Records for this task —
◇ ◇ ◇ ◇ ◇ ◇ ◇

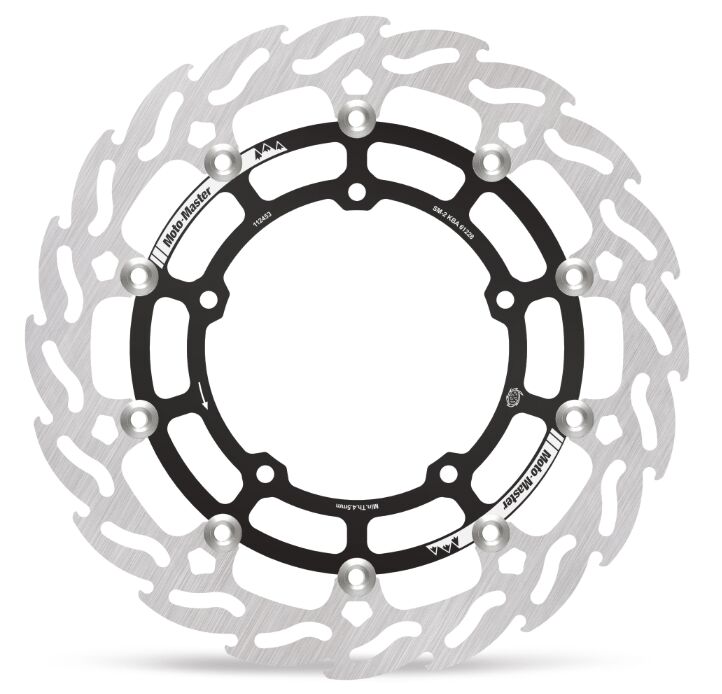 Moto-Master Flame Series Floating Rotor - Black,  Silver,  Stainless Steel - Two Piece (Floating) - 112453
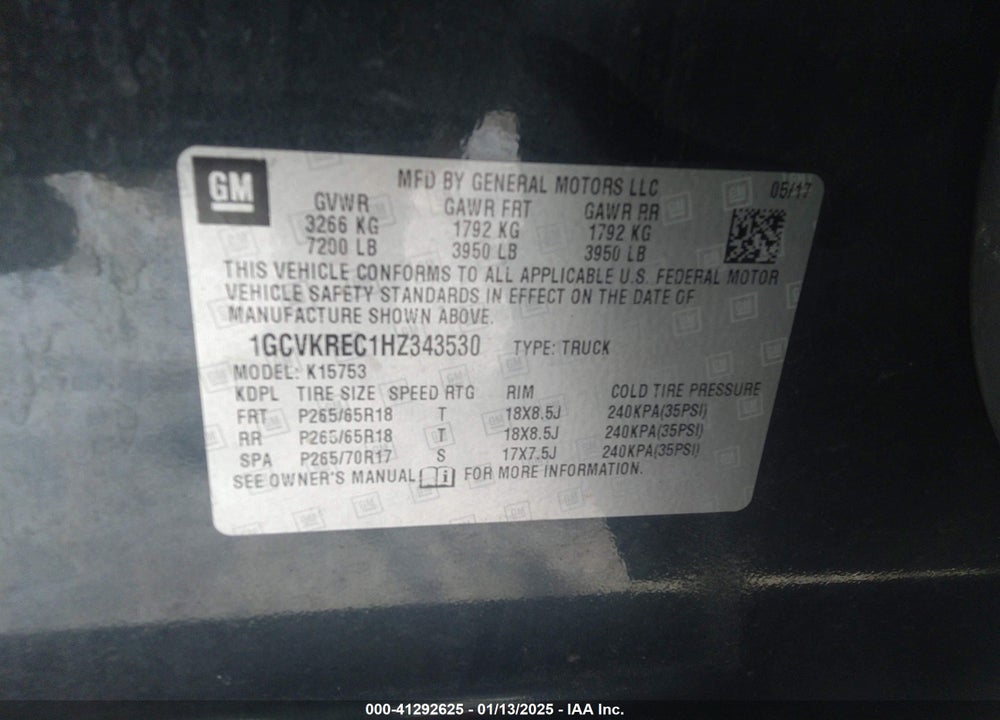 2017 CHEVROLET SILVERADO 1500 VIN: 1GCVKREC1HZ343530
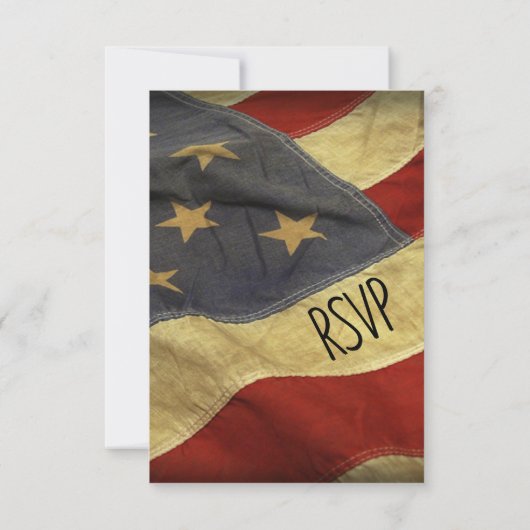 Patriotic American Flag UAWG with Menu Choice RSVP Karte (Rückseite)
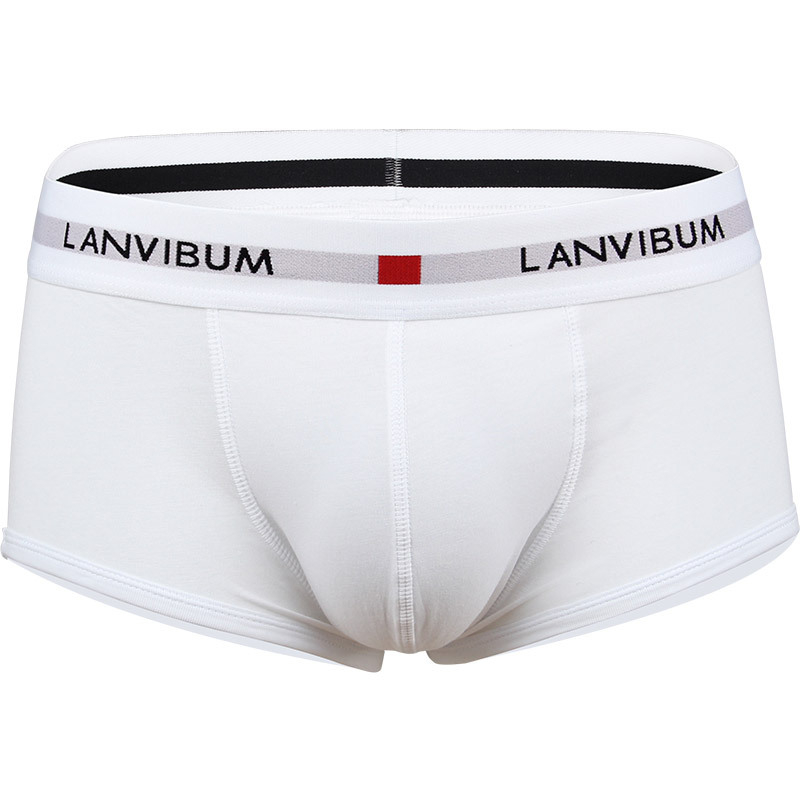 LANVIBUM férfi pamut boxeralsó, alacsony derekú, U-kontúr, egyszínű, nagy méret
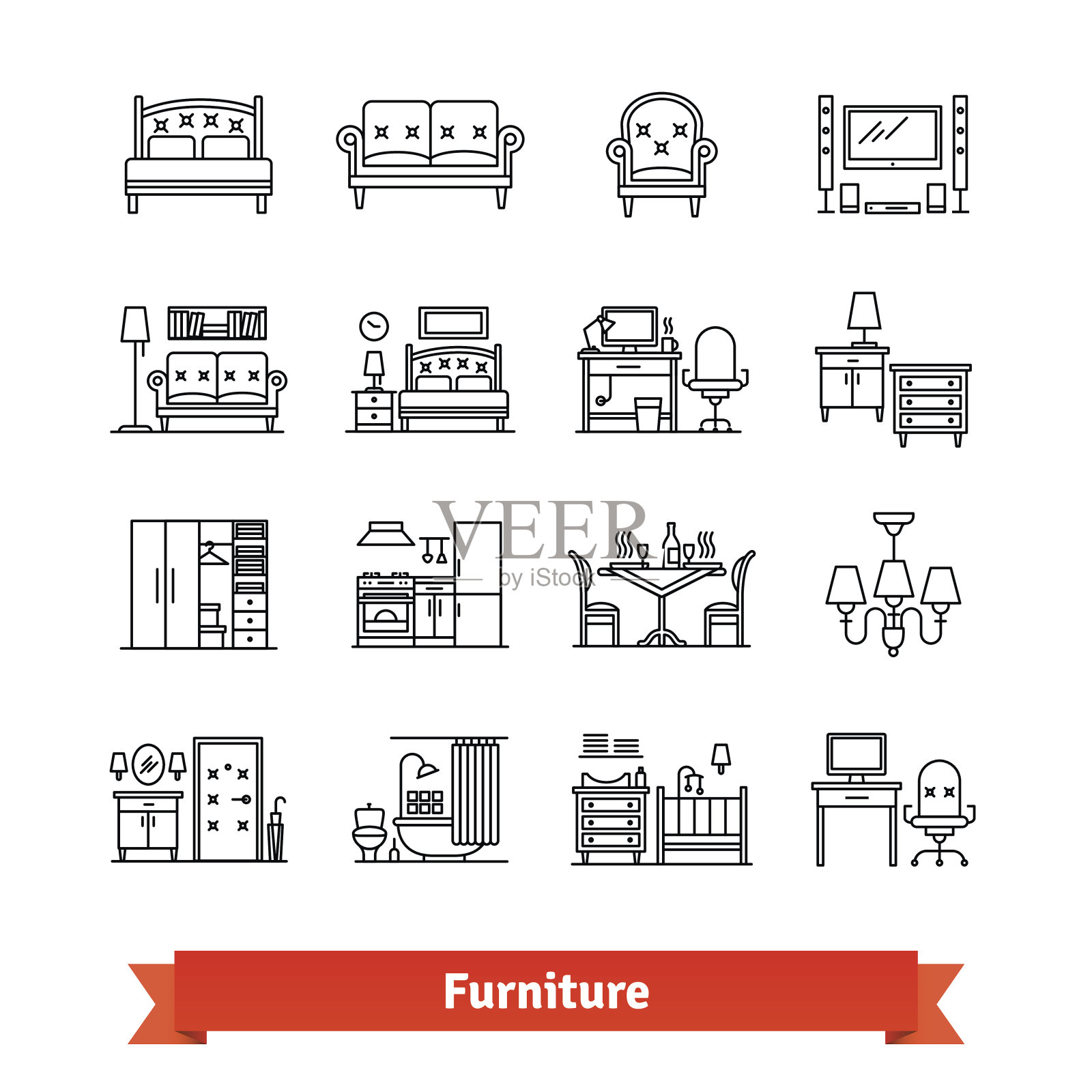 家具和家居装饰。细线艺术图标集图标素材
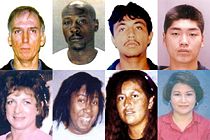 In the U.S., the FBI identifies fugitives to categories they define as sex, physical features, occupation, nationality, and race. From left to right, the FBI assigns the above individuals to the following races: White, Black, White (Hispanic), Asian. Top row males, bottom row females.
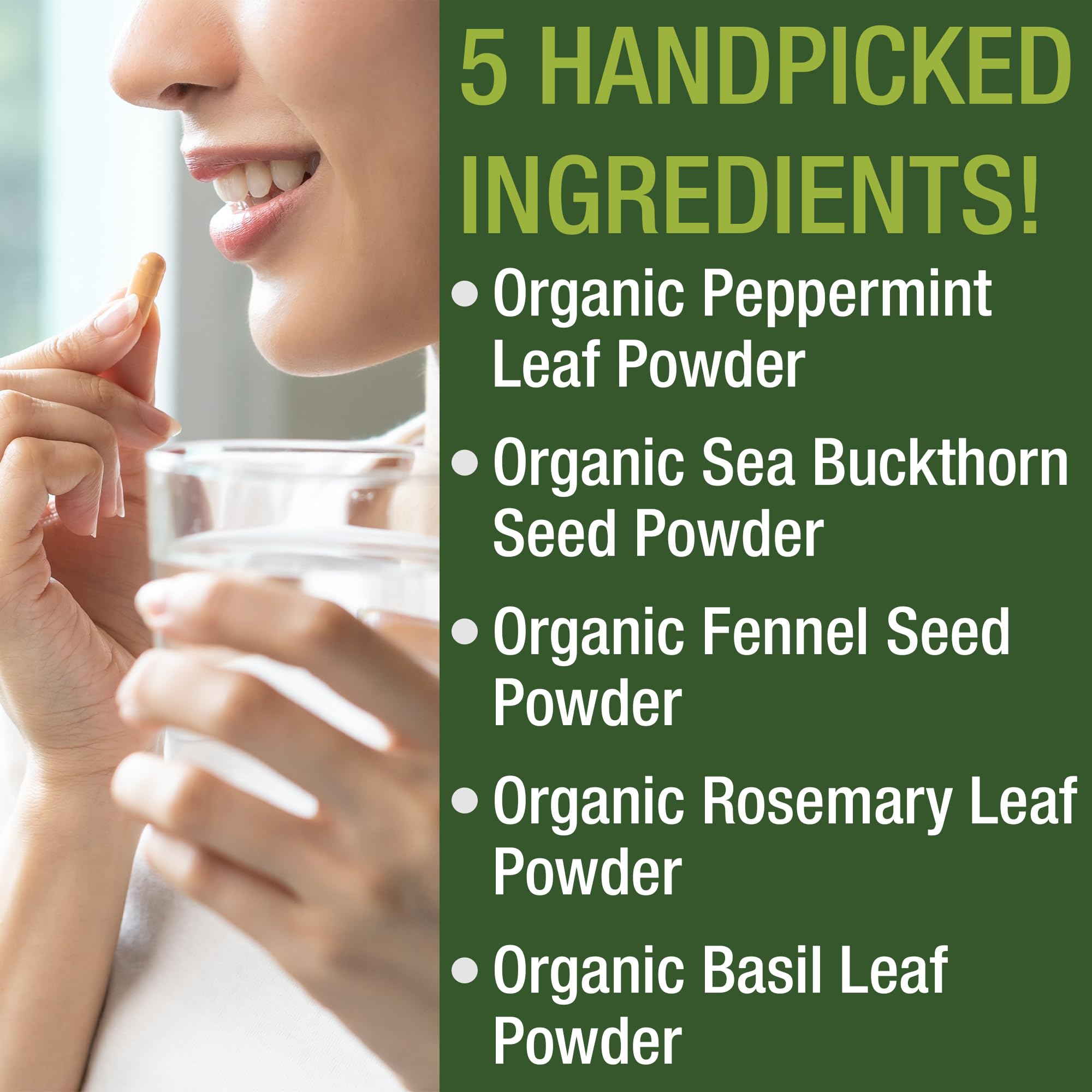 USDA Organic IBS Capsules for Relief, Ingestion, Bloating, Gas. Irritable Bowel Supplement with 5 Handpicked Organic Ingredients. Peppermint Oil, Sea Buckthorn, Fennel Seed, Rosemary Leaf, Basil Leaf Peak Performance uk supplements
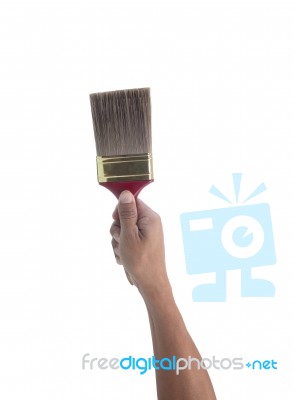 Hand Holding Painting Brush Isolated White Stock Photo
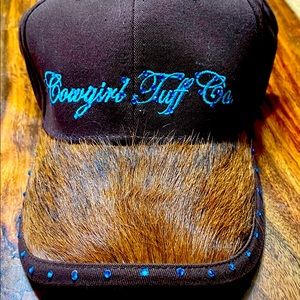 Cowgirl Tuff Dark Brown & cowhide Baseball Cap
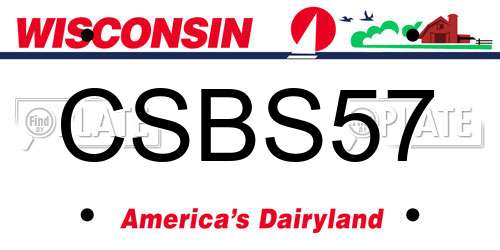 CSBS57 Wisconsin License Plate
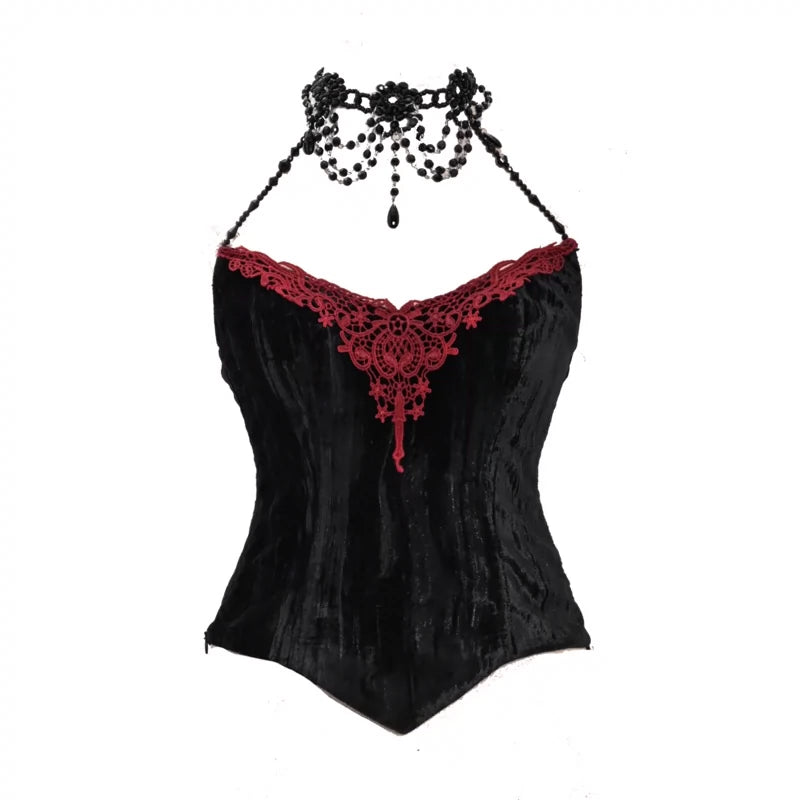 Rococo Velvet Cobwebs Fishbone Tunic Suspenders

◇ ◇ ◇ ◇ ◇ ◇ ◇

About this task — Omitting all pictures, restate word for word the lines from the one containing "Patriotic American Flag" through the last line of the data.

Reply —
 Patriotic American Flag UAWG with Menu Choice RSVP Karte (Rückseite)
 LANVIBUM férfi pamut boxeralsó, alacsony derekú, U-kontúr, egyszínű, nagy méret
 家具和家居装饰。细线艺术图标集图标素材
 In the U.S., the FBI identifies fugitives to categories they define as sex, physical features, occupation, nationality, and race. From left to right, the FBI assigns the above individuals to the following races: White, Black, White (Hispanic), Asian. Top row males, bottom row females.
 USDA Organic IBS Capsules for Relief, Ingestion, Bloating, Gas. Irritable Bowel Supplement with 5 Handpicked Organic Ingredients. Peppermint Oil, Sea Buckthorn, Fennel Seed, Rosemary Leaf, Basil Leaf Peak Performance uk supplements
 Hand Holding Painting Brush Isolated White Stock Photo
 Cowgirl Tuff Dark Brown & cowhide Baseball Cap
 CSBS57 Wisconsin License Plate
 Rococo Velvet Cobwebs Fishbone Tunic Suspenders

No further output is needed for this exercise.